INSTRUCTIONS FOR THE TASK -
Only an exact retyping of all the entries counts as an answer.

ENTRIES SUPPLIED -
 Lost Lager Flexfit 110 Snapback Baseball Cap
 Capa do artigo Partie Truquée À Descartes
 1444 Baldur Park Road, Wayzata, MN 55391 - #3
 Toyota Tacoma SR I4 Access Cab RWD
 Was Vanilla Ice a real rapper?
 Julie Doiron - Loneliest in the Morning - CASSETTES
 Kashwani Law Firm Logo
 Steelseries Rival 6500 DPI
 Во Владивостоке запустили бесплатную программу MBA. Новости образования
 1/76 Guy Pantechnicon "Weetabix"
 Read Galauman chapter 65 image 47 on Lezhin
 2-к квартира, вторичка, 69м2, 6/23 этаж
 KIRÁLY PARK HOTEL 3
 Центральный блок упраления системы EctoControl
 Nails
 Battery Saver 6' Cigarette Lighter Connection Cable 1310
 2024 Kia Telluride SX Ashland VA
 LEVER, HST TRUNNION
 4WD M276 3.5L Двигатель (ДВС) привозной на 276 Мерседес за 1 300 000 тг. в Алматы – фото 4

SOLUTION -
 Lost Lager Flexfit 110 Snapback Baseball Cap
 Capa do artigo Partie Truquée À Descartes
 1444 Baldur Park Road, Wayzata, MN 55391 - #3
 Toyota Tacoma SR I4 Access Cab RWD
 Was Vanilla Ice a real rapper?
 Julie Doiron - Loneliest in the Morning - CASSETTES
 Kashwani Law Firm Logo
 Steelseries Rival 6500 DPI
 Во Владивостоке запустили бесплатную программу MBA. Новости образования
 1/76 Guy Pantechnicon "Weetabix"
 Read Galauman chapter 65 image 47 on Lezhin
 2-к квартира, вторичка, 69м2, 6/23 этаж
 KIRÁLY PARK HOTEL 3
 Центральный блок упраления системы EctoControl
 Nails
 Battery Saver 6' Cigarette Lighter Connection Cable 1310
 2024 Kia Telluride SX Ashland VA
 LEVER, HST TRUNNION
 4WD M276 3.5L Двигатель (ДВС) привозной на 276 Мерседес за 1 300 000 тг. в Алматы – фото 4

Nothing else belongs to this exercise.